Communiqué

Investissement d’impact : peu d’impact dans les pays les plus pauvres

10.12.2024, Financement du développement

Lundi s’est ouvert à Genève le sommet de « Building Bridges », dont le but affiché est « d'accélérer la transition vers un modèle économique mondial aligné sur les besoins des objectifs du développement durable (ODD) ». Une nouvelle analyse d’Alliance Sud met en avant le caractère de niche de l’investissement d’impact et déplore le peu d'investissements dans les pays les plus pauvres.

Laurent Matile
Laurent Matile

Expert en entreprises et développement

+41 22 901 14 81 laurent.matile@alliancesud.ch
Investissement d’impact : peu d’impact dans les pays les plus pauvres

Concentration régionale de l'investissement d'impact. Source: Tameo 2023.

La Suisse ambitionne de devenir un leader de la finance durable. Au cœur de la finance dite durable se trouve l’investissement d’impact dont l’ambition est double : assurer des rendements financiers tout en répondant aux grands enjeux sociaux et environnementaux. Cette approche, devenue populaire dans le système financier international, vise à mobiliser des capitaux privés pour atteindre les ODD. Or, le « déficit de financement » nécessaire pour atteindre les ODD est abyssal : selon l’ONU Commerce et Développement (CNUCED), basée à Genève, les pays en développement font face à un déficit de financement annuel de plus de USD 4 000 milliards.

Dans une analyse publiée aujourd’hui, Alliance Sud s’est penché sur la contribution de l’investissement d’impact au développement durable. Malgré la croissance du secteur, il ressort clairement que cette approche ne pourra pas à elle seule combler le déficit de financement et éliminer les obstacles systémiques et structurels au développement durable. La priorité doit rester à la mobilisation des ressources fiscales dans les pays en développement, à la lutte contre les flux financiers illicites et au maintien d'une aide publique au développement substantielle pour les pays les plus pauvres.

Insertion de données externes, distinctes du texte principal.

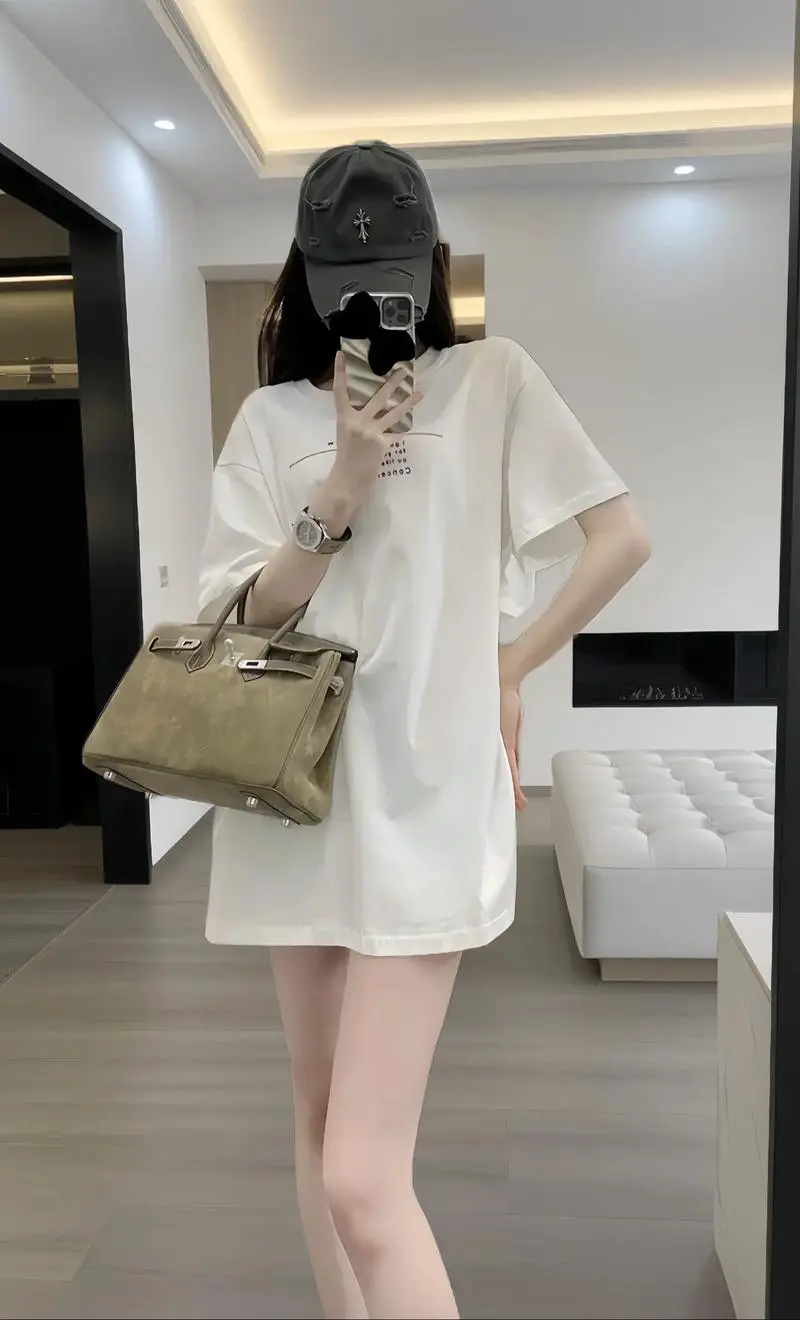 白色长袖t恤怎么搭配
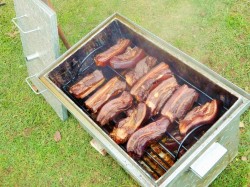 Грудинка горячего копчения в коптильне в домашних условиях - шаг 8 Грудинка горячего копчения в коптильне в домашних условиях - шаг 8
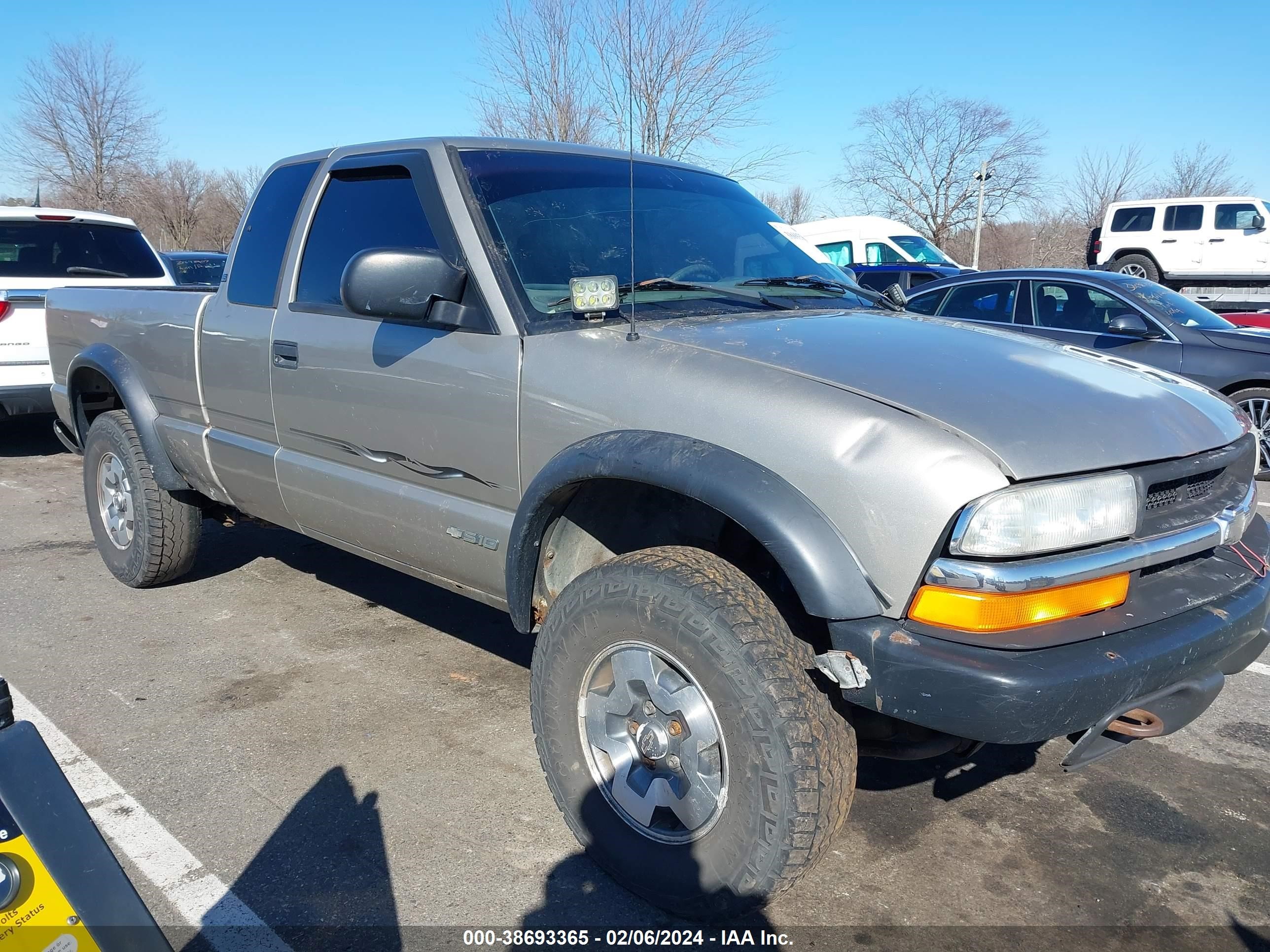 Photo 11 VIN: 1GCCT19W118124220 - CHEVROLET S-10 PICKUP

En outre, l'investissement à impact ne saurait remplacer la nécessité d'une profonde transformation des marchés financiers mondiaux pour les aligner sur les objectifs de durabilité et climatiques. Cela doit inclure des réglementations crédibles, la tarification du carbone et la divulgation des informations financières liées au climat.

Concentration régionale et sectorielle

Une préoccupation majeure partagée par Alliance Sud est le risque de « washing d'impact », où des investissements sont présentés comme socialement ou écologiquement bénéfiques, sans produire des résultats mesurables. Ce risque est aggravé par l'absence de définitions et de normes universellement acceptées pour mesurer l’impact des investissements et assurer des rapports crédibles.

Se focalisant plus précisément sur le marché suisse de l’investissement à impact dans les pays en développement, l’analyse d’Alliance Sud met en avant le caractère de niche de ce marché. En effet, seuls quelque USD 11 milliards sont investis dans des entreprises et projets dans les pays en développement. Cela représente moins de 0,6 % du volume global des « investissements liés à la durabilité » ou moins de 0,12 % du volume total des actifs sous gestion (AuM) des banques en Suisse en 2023 (quelque 8'400 milliards de francs suisses).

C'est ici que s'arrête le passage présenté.